- _Directions for this task_: Write out the entries below exactly. End with the line that contains "lace-insert maxi dress - 3".

┌────────

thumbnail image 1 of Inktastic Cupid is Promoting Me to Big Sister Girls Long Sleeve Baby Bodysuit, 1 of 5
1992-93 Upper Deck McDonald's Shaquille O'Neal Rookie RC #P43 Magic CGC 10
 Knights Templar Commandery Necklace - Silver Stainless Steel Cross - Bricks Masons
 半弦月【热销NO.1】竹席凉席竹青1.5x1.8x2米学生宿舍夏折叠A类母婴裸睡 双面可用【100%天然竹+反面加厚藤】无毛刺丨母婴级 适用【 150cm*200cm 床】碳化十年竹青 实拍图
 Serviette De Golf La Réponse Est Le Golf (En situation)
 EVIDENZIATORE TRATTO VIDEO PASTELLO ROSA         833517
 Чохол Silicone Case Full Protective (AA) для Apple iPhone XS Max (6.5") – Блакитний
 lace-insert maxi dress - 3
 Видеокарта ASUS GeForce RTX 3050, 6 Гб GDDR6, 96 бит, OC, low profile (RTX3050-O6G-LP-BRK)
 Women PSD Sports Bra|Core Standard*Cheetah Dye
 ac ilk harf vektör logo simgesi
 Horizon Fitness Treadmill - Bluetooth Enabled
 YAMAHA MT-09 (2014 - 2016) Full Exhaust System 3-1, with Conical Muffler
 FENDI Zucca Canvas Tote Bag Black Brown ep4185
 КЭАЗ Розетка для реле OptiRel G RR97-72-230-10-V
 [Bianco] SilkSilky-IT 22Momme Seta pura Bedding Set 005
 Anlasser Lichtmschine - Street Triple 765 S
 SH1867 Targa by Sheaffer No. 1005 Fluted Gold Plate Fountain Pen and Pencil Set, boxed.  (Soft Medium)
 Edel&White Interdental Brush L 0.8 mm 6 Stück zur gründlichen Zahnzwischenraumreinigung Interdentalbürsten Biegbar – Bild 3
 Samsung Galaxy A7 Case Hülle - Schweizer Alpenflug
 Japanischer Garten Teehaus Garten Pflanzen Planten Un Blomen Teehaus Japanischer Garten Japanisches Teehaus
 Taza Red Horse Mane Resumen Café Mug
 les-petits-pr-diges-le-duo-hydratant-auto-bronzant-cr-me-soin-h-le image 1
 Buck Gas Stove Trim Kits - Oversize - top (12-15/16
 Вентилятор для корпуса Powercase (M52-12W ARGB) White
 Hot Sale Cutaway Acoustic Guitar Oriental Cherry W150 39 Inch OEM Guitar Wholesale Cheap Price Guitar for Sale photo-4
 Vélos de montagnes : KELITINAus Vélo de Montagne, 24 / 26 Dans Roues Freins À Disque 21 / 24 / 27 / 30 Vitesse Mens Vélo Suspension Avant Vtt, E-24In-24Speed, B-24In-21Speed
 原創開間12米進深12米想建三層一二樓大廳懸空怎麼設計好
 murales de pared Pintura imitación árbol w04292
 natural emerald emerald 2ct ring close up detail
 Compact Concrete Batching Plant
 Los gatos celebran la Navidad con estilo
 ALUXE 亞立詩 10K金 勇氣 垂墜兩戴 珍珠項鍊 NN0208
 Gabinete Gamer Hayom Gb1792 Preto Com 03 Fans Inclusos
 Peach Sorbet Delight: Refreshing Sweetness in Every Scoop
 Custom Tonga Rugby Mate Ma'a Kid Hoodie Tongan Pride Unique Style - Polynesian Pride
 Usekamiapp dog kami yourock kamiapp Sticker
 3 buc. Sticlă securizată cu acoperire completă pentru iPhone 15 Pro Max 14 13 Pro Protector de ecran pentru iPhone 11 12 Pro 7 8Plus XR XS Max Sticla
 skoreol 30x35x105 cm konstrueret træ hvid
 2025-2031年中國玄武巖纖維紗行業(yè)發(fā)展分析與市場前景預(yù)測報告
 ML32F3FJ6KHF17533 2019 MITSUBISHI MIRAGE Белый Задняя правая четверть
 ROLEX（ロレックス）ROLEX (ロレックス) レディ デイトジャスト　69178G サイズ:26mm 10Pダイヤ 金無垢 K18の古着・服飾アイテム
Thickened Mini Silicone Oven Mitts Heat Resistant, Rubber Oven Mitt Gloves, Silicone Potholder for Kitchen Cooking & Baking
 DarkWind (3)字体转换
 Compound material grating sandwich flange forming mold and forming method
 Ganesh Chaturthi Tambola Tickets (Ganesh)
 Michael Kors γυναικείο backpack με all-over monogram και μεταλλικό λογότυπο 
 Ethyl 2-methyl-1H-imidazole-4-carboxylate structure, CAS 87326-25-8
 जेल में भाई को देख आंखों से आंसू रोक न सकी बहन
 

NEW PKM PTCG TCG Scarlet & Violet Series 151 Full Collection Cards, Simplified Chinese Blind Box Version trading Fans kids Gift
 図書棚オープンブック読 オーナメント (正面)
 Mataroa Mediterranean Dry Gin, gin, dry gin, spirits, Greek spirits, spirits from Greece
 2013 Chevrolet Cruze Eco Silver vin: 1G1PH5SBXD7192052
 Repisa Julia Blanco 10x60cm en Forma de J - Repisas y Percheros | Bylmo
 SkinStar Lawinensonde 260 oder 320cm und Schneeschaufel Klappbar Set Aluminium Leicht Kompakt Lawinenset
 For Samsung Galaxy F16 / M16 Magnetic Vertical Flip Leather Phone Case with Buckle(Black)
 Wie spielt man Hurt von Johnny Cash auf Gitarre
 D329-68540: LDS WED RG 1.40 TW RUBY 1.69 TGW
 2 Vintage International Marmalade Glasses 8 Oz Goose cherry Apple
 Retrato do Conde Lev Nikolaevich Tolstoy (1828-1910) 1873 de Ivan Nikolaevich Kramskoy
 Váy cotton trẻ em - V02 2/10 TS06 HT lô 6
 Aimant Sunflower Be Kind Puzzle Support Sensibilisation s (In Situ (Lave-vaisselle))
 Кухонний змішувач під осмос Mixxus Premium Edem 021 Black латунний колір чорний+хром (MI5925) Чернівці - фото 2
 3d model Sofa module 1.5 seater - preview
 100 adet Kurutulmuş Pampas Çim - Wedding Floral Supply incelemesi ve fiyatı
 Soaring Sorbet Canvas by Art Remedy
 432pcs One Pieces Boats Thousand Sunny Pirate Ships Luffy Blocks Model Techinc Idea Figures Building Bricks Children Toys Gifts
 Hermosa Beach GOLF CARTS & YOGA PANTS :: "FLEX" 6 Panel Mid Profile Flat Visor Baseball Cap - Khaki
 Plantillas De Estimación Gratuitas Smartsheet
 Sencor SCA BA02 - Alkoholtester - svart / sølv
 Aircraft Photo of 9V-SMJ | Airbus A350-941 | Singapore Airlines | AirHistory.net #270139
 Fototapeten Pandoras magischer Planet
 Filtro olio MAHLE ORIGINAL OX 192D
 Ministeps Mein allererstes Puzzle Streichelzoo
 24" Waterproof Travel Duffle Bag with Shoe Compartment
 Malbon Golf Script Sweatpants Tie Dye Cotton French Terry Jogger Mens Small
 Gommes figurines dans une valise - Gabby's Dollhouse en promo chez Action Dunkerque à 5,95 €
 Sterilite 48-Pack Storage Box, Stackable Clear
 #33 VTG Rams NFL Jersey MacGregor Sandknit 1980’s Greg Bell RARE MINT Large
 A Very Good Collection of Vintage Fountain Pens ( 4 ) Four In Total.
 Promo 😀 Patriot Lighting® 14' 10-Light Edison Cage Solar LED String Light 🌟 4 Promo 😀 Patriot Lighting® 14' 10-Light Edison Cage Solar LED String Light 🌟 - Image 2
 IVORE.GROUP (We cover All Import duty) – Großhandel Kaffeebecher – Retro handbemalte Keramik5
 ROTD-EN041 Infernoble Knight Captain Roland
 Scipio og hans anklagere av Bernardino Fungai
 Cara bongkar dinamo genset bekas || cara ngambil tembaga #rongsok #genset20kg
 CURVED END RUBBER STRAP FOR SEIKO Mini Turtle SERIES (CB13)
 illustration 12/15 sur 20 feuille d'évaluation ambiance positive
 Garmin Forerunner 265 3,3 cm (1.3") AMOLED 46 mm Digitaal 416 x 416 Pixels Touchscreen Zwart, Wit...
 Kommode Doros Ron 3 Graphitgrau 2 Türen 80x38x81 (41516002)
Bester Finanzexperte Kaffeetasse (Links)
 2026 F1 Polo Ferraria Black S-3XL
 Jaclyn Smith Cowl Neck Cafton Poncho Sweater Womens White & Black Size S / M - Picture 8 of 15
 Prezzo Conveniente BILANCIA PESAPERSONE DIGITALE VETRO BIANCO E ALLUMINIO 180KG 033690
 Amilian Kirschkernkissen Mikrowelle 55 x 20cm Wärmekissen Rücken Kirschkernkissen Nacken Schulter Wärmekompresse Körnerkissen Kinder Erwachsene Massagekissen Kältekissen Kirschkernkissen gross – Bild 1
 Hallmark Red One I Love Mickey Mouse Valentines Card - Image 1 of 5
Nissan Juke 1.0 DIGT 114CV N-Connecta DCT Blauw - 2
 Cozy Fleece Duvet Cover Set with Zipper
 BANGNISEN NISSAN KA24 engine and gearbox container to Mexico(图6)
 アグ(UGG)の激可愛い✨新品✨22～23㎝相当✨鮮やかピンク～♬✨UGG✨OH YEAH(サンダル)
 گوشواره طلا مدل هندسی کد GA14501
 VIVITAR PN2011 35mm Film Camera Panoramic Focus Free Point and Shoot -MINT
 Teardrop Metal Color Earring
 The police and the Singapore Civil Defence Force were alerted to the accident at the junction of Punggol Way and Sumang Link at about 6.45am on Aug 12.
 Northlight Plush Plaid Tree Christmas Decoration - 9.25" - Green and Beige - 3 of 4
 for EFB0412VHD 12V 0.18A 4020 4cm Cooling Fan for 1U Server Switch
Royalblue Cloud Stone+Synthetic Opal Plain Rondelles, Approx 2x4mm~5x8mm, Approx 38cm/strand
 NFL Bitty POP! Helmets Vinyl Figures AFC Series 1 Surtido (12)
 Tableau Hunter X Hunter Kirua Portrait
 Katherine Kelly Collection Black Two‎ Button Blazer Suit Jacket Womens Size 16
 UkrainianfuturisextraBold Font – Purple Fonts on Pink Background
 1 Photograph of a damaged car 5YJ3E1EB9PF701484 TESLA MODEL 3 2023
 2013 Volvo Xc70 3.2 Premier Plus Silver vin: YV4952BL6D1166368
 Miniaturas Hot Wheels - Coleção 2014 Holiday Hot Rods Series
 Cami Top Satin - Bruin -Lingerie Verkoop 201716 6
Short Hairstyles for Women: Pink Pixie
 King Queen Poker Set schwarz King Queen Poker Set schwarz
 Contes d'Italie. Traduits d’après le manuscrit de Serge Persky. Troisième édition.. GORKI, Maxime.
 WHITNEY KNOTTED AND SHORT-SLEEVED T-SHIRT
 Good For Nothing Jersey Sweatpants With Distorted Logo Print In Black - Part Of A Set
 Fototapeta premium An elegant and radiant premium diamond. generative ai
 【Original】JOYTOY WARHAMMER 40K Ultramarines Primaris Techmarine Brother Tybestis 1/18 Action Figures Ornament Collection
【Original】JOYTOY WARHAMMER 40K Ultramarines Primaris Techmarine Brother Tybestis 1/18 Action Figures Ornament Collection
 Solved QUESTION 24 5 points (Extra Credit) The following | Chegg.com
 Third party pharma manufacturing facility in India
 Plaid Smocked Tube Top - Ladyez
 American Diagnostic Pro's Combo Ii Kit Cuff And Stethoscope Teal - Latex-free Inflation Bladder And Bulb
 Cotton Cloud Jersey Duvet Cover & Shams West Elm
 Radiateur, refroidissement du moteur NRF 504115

└────────

- _Finished exercise_:
thumbnail image 1 of Inktastic Cupid is Promoting Me to Big Sister Girls Long Sleeve Baby Bodysuit, 1 of 5
1992-93 Upper Deck McDonald's Shaquille O'Neal Rookie RC #P43 Magic CGC 10
 Knights Templar Commandery Necklace - Silver Stainless Steel Cross - Bricks Masons
 半弦月【热销NO.1】竹席凉席竹青1.5x1.8x2米学生宿舍夏折叠A类母婴裸睡 双面可用【100%天然竹+反面加厚藤】无毛刺丨母婴级 适用【 150cm*200cm 床】碳化十年竹青 实拍图
 Serviette De Golf La Réponse Est Le Golf (En situation)
 EVIDENZIATORE TRATTO VIDEO PASTELLO ROSA         833517
 Чохол Silicone Case Full Protective (AA) для Apple iPhone XS Max (6.5") – Блакитний
 lace-insert maxi dress - 3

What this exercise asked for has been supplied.